WCM Field Notes: The Skinny on JCR, CMIS and OSGi
The Content Management Interoperability Specification (CMIS) is an OASIS project started in 2008 and driven by a number of medium and large content management vendors (i.e., Alfresco, Day, EMC, Fatwire, IBM, Microsoft, Open Text and others).
At this point I'm assuming that most readers have basic familiarity with CMIS. But for those that don't, have a look at the informative JCR loves CMIS presentation by Nuescheler and review the CMSWire coverage here. If you're feeling ambitious, you can take the deep dive on the OASIS project website.
For the purposes of this article, let’s define CMIS as an interoperability specification for interacting with document-centric content repositories via HTTP-based protocols.

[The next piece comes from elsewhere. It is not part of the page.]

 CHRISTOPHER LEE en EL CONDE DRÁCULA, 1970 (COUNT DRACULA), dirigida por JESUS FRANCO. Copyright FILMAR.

To keep ourselves on the straight and narrow, focus on the oft overlooked word interoperability in the CMIS acronym. Keep in mind that the aim of CMIS is to allow diverse systems to interoperate.
Further, CMIS is by definition a lowest common denominator specification — it only provides core functionality. And by being simple, it is meant to be easy for vendors to implement. In terms of its place in the standards world, CMIS is intended to complement JCR, not compete with it — JCRs are used as a systems internal repository, where as repositories interacted with via CMIS-compliant interfaces are typically supplementary.